- [Work required]
Repeat the entries exactly but omit the pictures.

Web page caption snippets
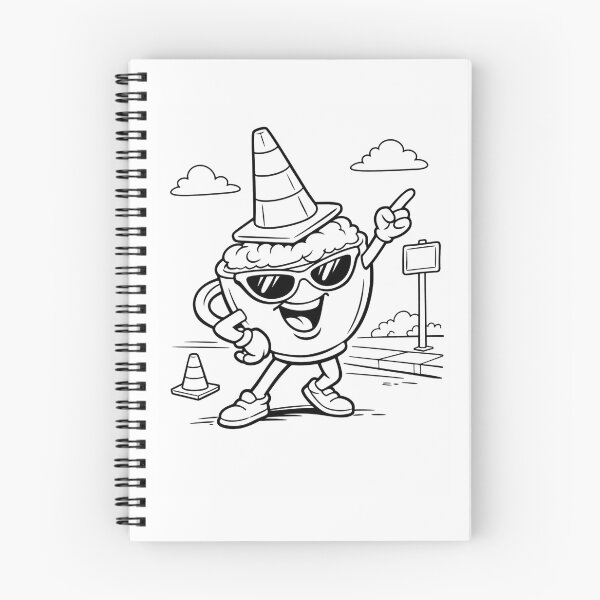 Item preview, Funny Coffee Traffic Controller Cartoon Cute Coffee Cup Humor Black and White Illustration designed and sold by ComedyInkFactor.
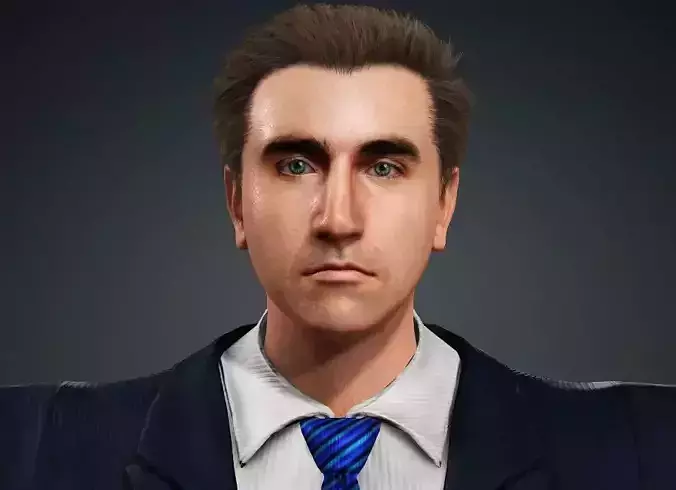 OFFICE DRESS MAN CHARACTER RIGED Low-poly 3D model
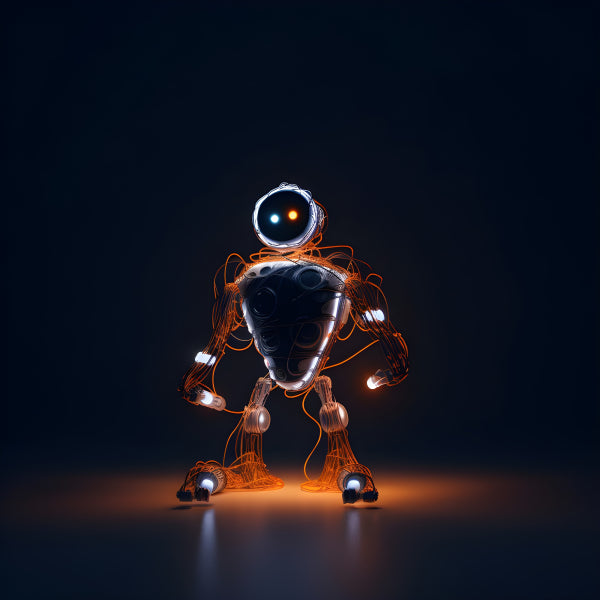 Vinyl Decal, Orange Glow Robot Figurine (5" x 7")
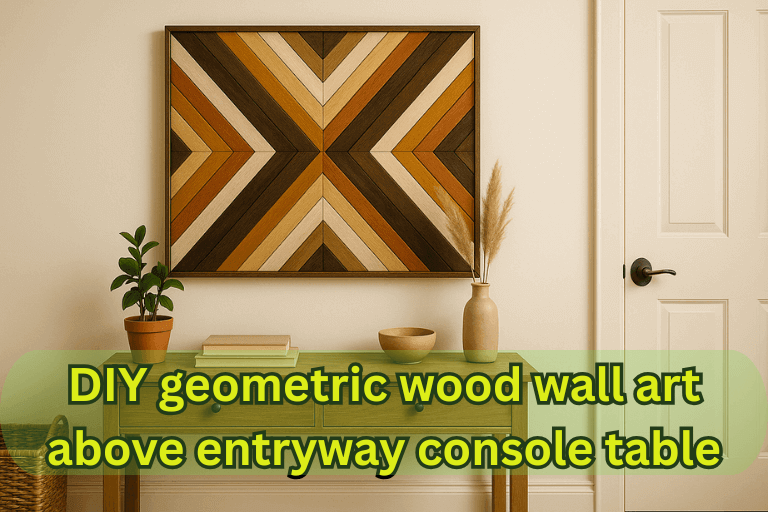 DIY geometric wood wall art above entryway console table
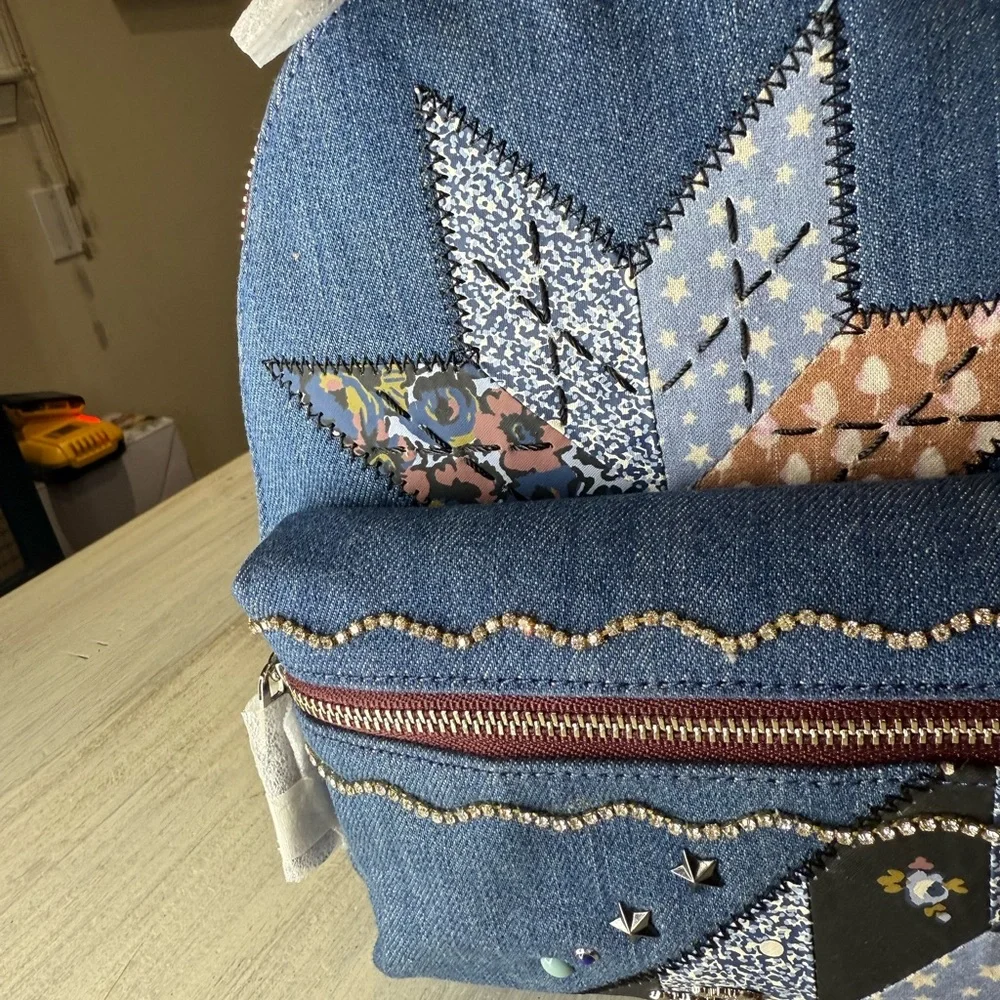 Coach Mini Charlie Denim Star Patchwork Backpack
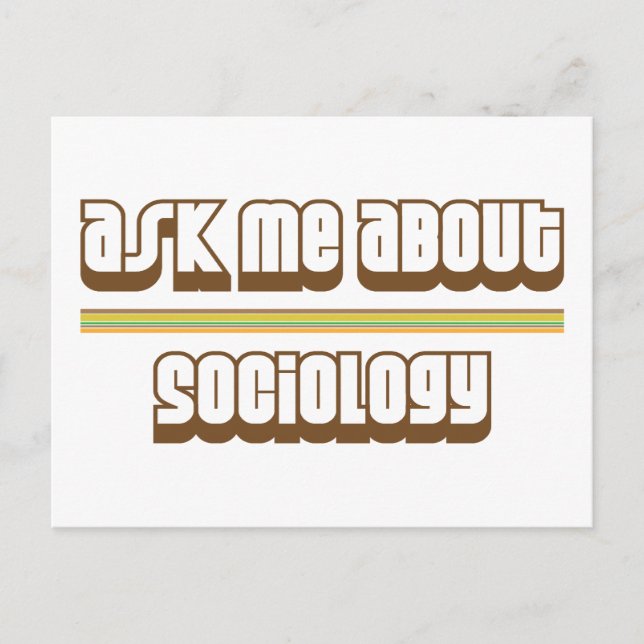 Frag mir über Soziologie Postkarte (Vorderseite)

- [Task result]
 Item preview, Funny Coffee Traffic Controller Cartoon Cute Coffee Cup Humor Black and White Illustration designed and sold by ComedyInkFactor.
 OFFICE DRESS MAN CHARACTER RIGED Low-poly 3D model
 Vinyl Decal, Orange Glow Robot Figurine (5" x 7")
 DIY geometric wood wall art above entryway console table
 Coach Mini Charlie Denim Star Patchwork Backpack
 Frag mir über Soziologie Postkarte (Vorderseite)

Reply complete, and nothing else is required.